I've had a RTC (Real Time Clock) chip (PCF8563) in my collection for a while as I wanted to get to grips with I²C.

I²C is a protocol for allowing ICs to communicate via a 2 wire interface.  One wire is the clock (SCL) and the other is the data (SDA).  This saves on the number of connections and also simplifies circuit design.

My early experiments writing bit bashing code on a PIC to speak I²C ended up fruitless and I thought I had missed some vital information.  Needless to say, it put me off for a bit.  I got other people's code to work on the PIC but I wanted to understand it because I thought it might be cool to get the Z80 to talk to a RTC.

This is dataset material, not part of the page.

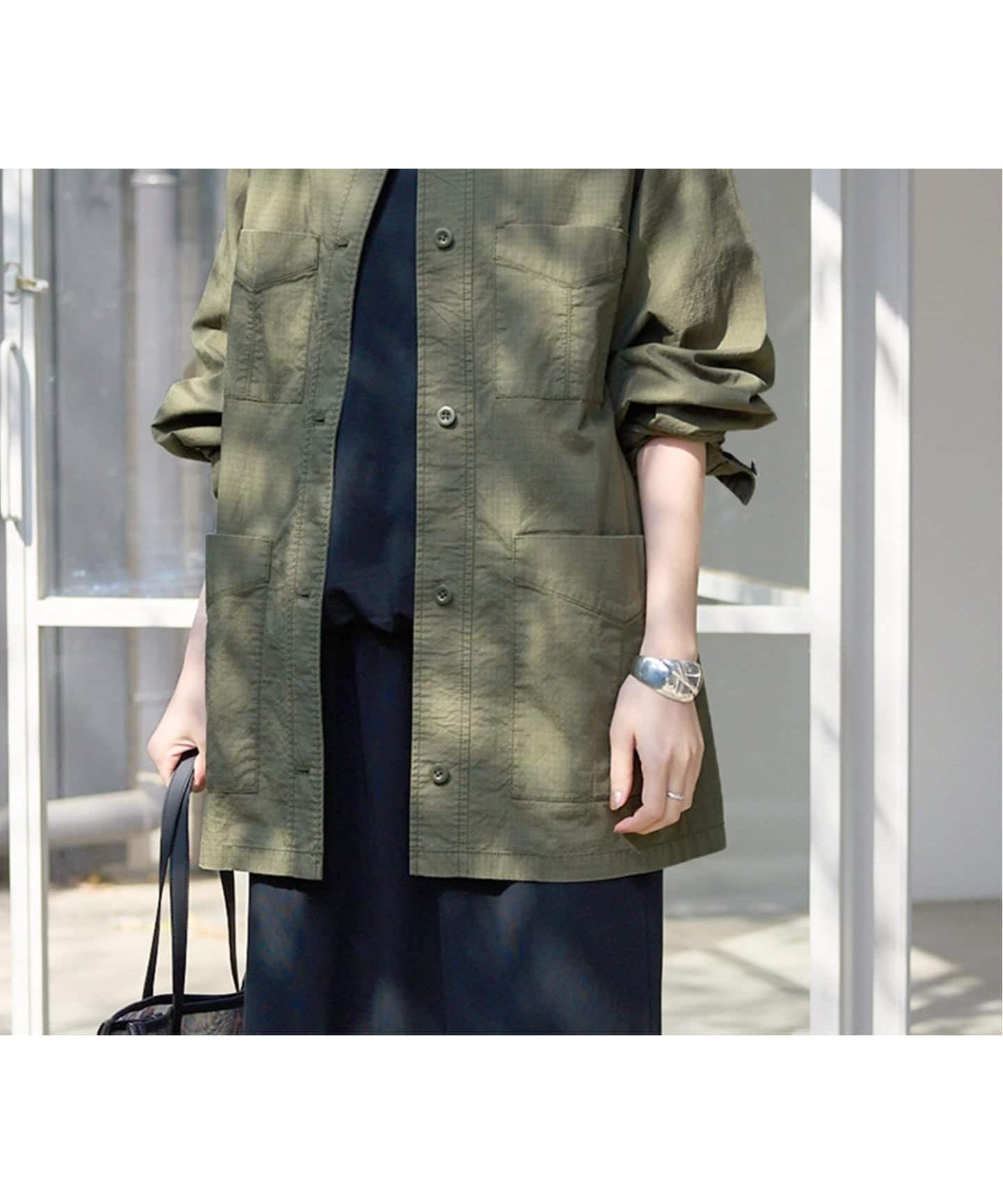 【スローブ イエナ/SLOBE IENA】の《追加》ノーカラーサファリブルゾン 人気、トレンドファッション・服の通販 founy(ファニー) 　ファッション　Fashion　レディースファッション　Fashion for Women　アウター　Coat / Outerwear Collection　ブルゾンジャケット・スポーティアウター　Blouson Jackets　2026年　2026　おすすめ　Recommended / Our Picks　ストレート　Straight, Straight Cut　デニム　Denim, Jeans Material　トレンド　Trend, Trending Now　フラップ　Flap, Flap Pocket　ブルゾン　Blouson, Bomber Jacket　ポケット　Pocket, Pocket Detail　夏　Summer　羽織　Haori, Light Jacket　 other-1|ID: prp329100004912764 ipo3291000000036816926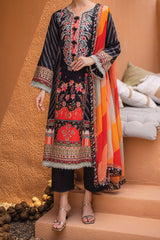 Azalea By Roheenaz Unstitched 3 Piece Printed Lawn Suit-RNZ-05-A-Midnight Mirage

However, the Arduino boards have a dedicated I²C interface and library code that makes it a piece of cake to get started.  So I dug out the PCF8563 and started coding.  Fortunately there was even code examples for Arduino using the PCF8563. Once you've seen how the code should be written its a lot easier to roll your own.

So I got the RTC clock wired up, and added my 16x2 LCD and in no time had a clock working.  It seemed a bit too easy, so I wondered what else I could connect to the I²C bus.  I found the DS1631 temperature/thermostat IC.

Each I²C device has a different address.  I don't know how unique they are as there are only 128 addresses available.  Bit 0 is used to signify read or write.  Luckily the RTC and Temp IC are different.

Needless to say it wasn't to hard to talk to the DS1631 as well using the Wire library and display the temperature.

To spice things up a bit more I wanted to divorce the ATMega328P from my Arduino Uno and put it directly on the breadboard.  This needed an additional 16MHz crystal and 2x 22pF capacitors.

Lastly a battery backup for the RTC clock which is quite easy to connect by using diodes to make sure the current goes in the right direction.

The software allows you (via the 2 buttons) to set the date and time and set a thermostat temperature, which when reached lights the red LED via a 1K resistor at the bottom.  In fact the DS1631 will operate on its own once configured to control a heating system.

Update: somehow the 1K resistor was a 47 ohm.  I noticed that when the thermostat temperature was reached and the LED lit up the temperature would go back up again.  It seems without much resistance on the output it causes the IC to warm up due to the current flow.  What I have done now it put a 10k resistor and fed that into a BC548B transistor to light the LED.